Tuesday, September 11, 2018

The National Film Registry

With the deadline to submit film nominations for this year's National Film Registry list is coming up fast – the date is September 15, 2018 -– I thought it might be worth taking the time to create a list of movies in this registry that Tom Tyler appeared in, regardless of the size of his role. There are a total of five movies, and I have included the year they were inducted into the National Film Registry.

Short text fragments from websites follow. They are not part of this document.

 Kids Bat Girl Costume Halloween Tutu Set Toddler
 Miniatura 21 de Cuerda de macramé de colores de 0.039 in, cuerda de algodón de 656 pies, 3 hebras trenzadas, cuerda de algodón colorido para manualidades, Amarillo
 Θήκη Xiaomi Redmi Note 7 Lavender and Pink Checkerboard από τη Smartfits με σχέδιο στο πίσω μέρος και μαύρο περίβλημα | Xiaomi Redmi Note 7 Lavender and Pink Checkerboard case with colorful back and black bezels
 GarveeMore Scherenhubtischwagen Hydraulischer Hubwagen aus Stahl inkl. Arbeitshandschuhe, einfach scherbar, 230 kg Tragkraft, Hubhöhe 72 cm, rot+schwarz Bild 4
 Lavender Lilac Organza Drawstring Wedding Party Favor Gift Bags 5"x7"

The Grapes of Wrath 1940 – Inducted in 1989
Gone with the Wind 1939 – Inducted in 1989
Red River 1948 – Inducted in 1990
Stagecoach 1939 – Inducted in 1995
Ben Hur 1925 – Inducted in 1997

“Gone with the Wind” is probably the most famous movie in this list, with “Stagecoach” setting the standard for the modern western. “Ben Hur” was just one of a a few silent films where Tom was a stuntman chariot driver, and not even known as Tom Tyler yet. Of course, of these five movies, “Stagecoach” has Tom in front of the camera the longest, where he turns in a stellar performance as Luke Plummer. Should the National Film Registry and Tom Tyler's name ever pop up at the same time at a dinner or cocktail party, there is not only enough to discuss but also impress.

Hopefully, with the 2019 release of the movie “Shazam!”, “Adventures of Captain Marvel” (1941) will be one of the inducted titles in the National Film Registry.

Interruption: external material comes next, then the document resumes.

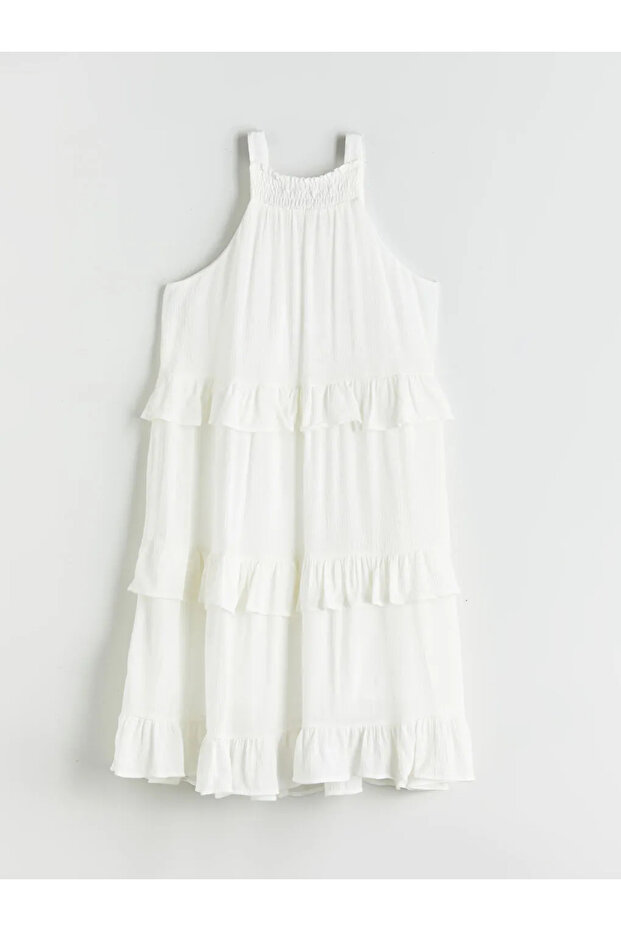 LCW Kids Ekru Halter Yaka Müslin Kız Çocuk Elbise - 1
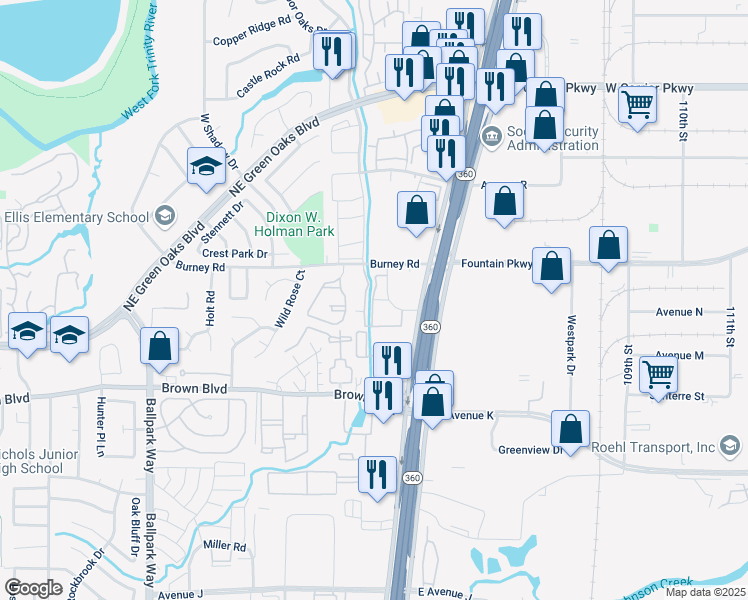 map of restaurants, bars, coffee shops, grocery stores, and more near 2511 Heather Brook Lane in Arlington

Tom Tyler in "Stagecoach", 1929



Sunday, September 9, 2018

Poem: Sundown Saunders

This poem is titled "Sundown Saunders" and originally appeared in Rope and Wire, April 25, 2015. Inspired by the 1935 film by RKO, "Powdersmoke Range", this poem has been reprinted by kind permission from its poet, Miss Julie Kovacs.



Sundown Saunders


He was the ally of the Three Mesquiteers
Out of the blue when they needed a friend
who was always honest and never broke a promise
(He looked a lot like Tom Tyler)
Always a gentleman even with his steely gaze
and ready hand on his pistol.

He was the fastest shooter in town
always at sundown
never turning back
yet always hopeful
to rendezvous one day with his long-distance gal
wearing her favorite green plaid shirt just for him.

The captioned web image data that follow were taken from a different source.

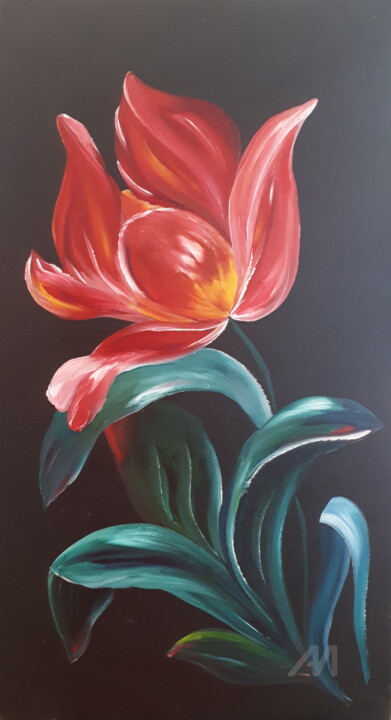 Red Tulip in Bloom. Original Floral Oil Fine Art 绘画, 24x12 in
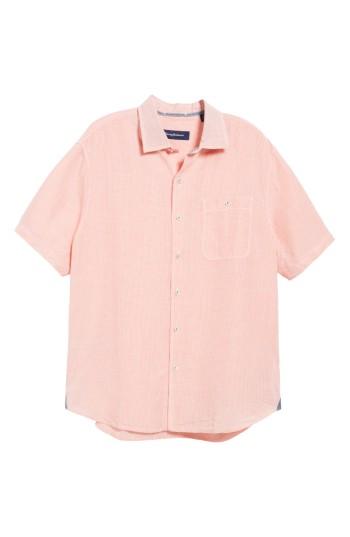Men's Tommy Bahama Sand Standard Fit Check Linen Blend Sport Shirt, Size - Orange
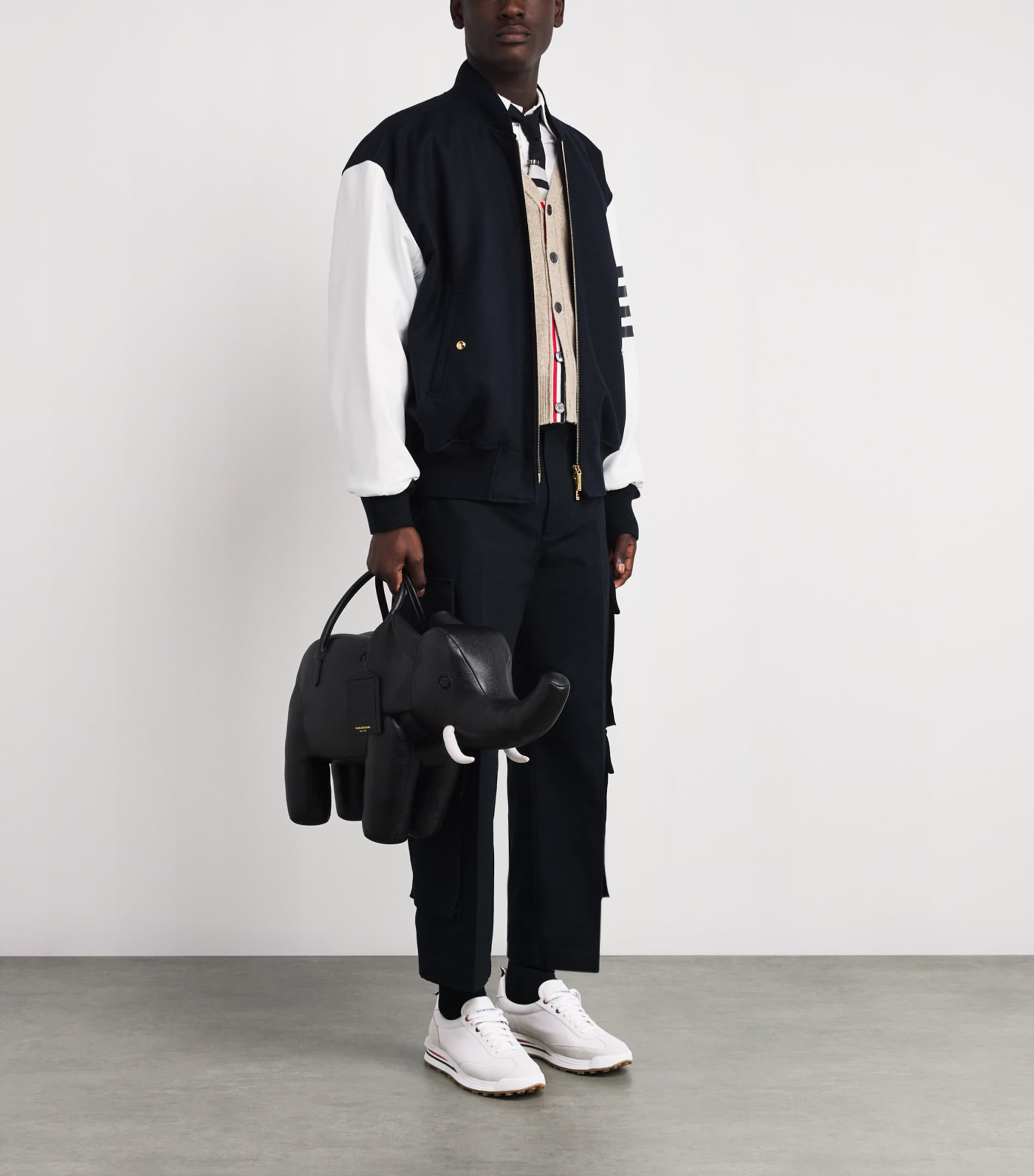 Thom Browne Suede-Trim Technical Tricolour Sneakers White Image 6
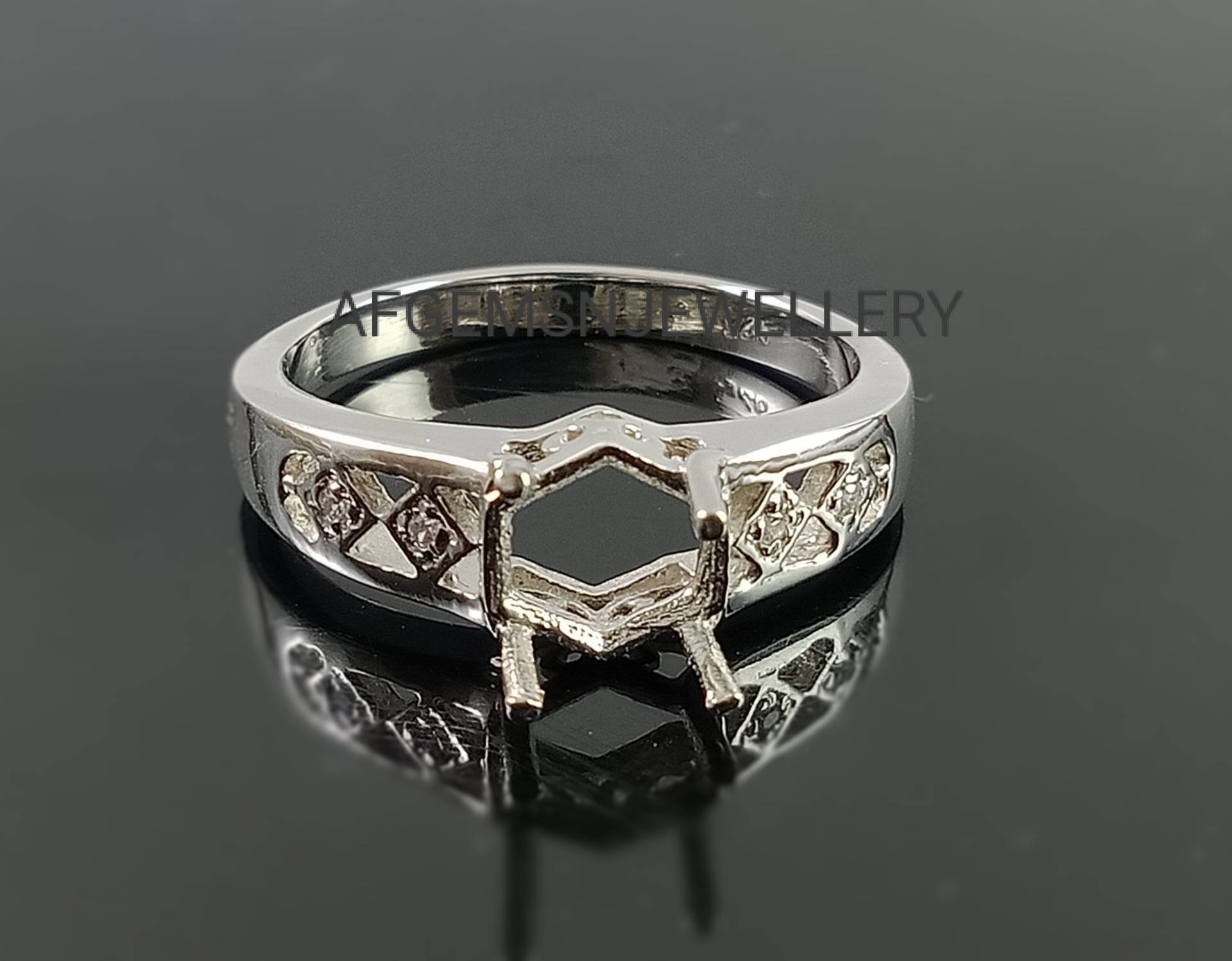 7mm Sechseck Ring-Ohne Stein Ring-Bereit Zum Setzen Mit Eigener Stein-Zackenfassung Ring-925 Sterling Silber Ring-Trauring von AFGEMSNJEWELLERY
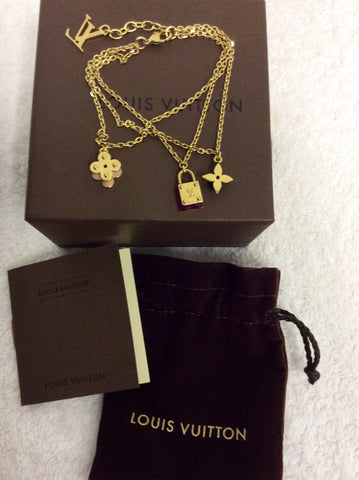 LOUIS VUITTON GOLD 3 STRAND FLOWER & PADLOCK SWEET CHARM BRACELET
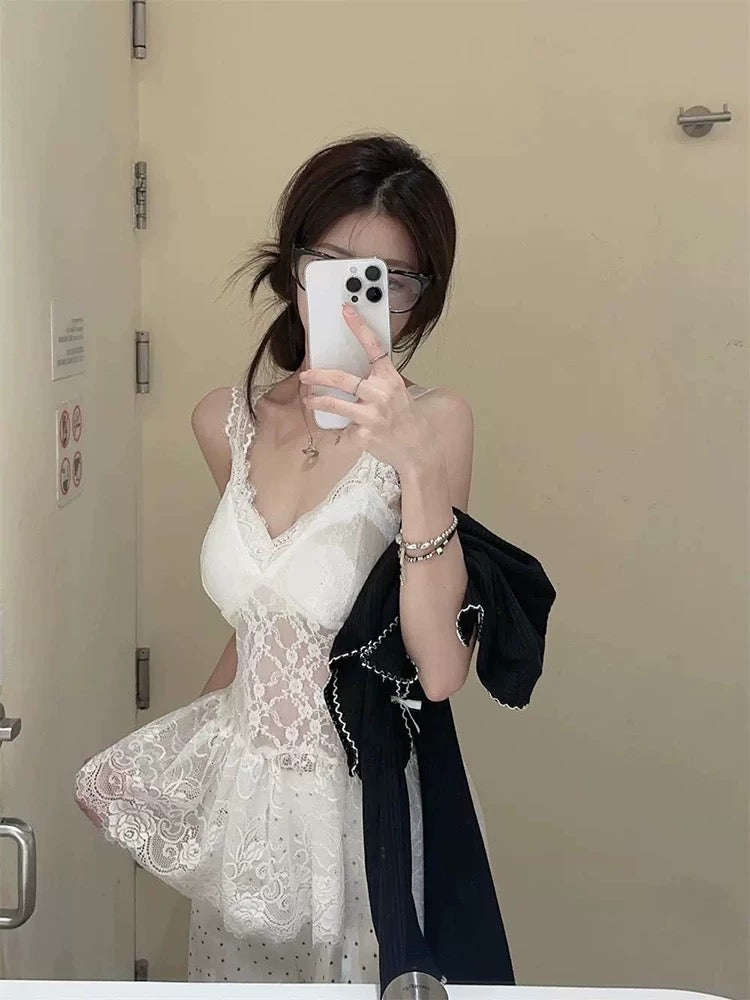 White Ribbon Black Top + White Laces Inner Top Two Piece Set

Thursday, September 6, 2018

Lost in translation: How “Tyrant of Red Gulch” became “The Sorcerer” across the pond

From Derbyshire Advertiser and Journal, January 24, 1930
A number of blog articles here have explored the subject of Tom Tyler film titles and translations into other languages: Spanish, French, German, Polish, and Dutch. What has not been explored, are Tom's western films released under different titles in other English-majority speaking nations, such as the United Kingdom. Indeed, it would seem unusual for one of Tom's B-westerns to be released under a much different title, but that is what happened to his silent film “Tyrant of Red Gulch” (1928); across the pond, it was released as “The Sorcerer”. This title seems to be peculiar at first glance; by itself without any mention of who stars in it, suggests a non-western, perhaps something that might bring to mind a scene or two from “Jack the Giant Killer” (1962) or“Seventh Voyage of Sinbad” (1958), which have sorcerers in them. Tom Tyler however is not like Torin Thatcher
in these films which are best known for their Claymation special effects and fantasy themes. What should be mentioned about “The Sorcerer” is this particular title aligns closely with the original title for “Tyrant of Red Gulch”, which was “Valley of Superstition”. In Spain, the movie was released as “El Valle del Misterio”. Another interesting note about “The Sorcerer” is the following: it is listed in Tom Tyler's filmography in the 2003 comic book, Tom Tyler Tales by Calvin Castine, Sid Couchey, and Art Monaco but not as an alternative title to “Tyrant of Red Gulch”.

Like other movies which undergo a title release change, the first thing that is looked at is the plot. In “Tyrant of Red Gulch”, the story takes
place in the foothills of the Rockies, with Tom as the itinerant cowboy in search of a friend who meets up with a young lady named Mitza (Josephine Borio), and her brother, Tip (Frankie Darro). The actual tyrant of the region is named Ivan Petrovitch (Harry Woods), and Tom first encounters this foreigner when he catches the man beating a small boy, rescues the child then pummels Ivan. Ivan acknowledges to having met his physical match, and invites Tom with Tip and Mitza for a horseback ride through the mountains. Tom however gets ambushed, is separated from his new friends and must rescue them after they are taken in by Ivan and his henchman, Boris Kosloff (Serge Temoff). Held prisoner in a cave in the mountains, Tom manages to free himself, and risks his life in order to set his friends free, including the one he originally set out to look for. In addition to that, Tom also discovers the gold mine that Ivan was hoarding, and returns the stolen wealth to the small community. As “The Sorcerer”, Ivan is a diabolical terror, sinister, and very manipulative, leading our hero into an unexpected trap from which lies an uncertain escape.

There are a few interesting factors that come into play here: the heavy has an obvious Russian sounding name, while two members of the cast were foreign born: Josephine Borio was born in Turin, Italy, and Serge (Sergei) Temoff was born in Harbin, Heilongjiang province, China. A cinema ad from Palladium Item, Richmond, IN, September 6, 1929 provides the tagline for “Tyrant of Red Gulch”, "A story of a mysterious terror - of unseen death and unerring vengeance". While Ivan appears to have the upper hand in the story, Tom and Frankie have just as many tricks up their sleeve in order to counter the forces they are up against. Magic themes aside, the battle between good and evil continues in this western mystery, whether it is known as “Valley of Superstition”, “Tyrant of Red Gulch” - or “The Sorcerer.”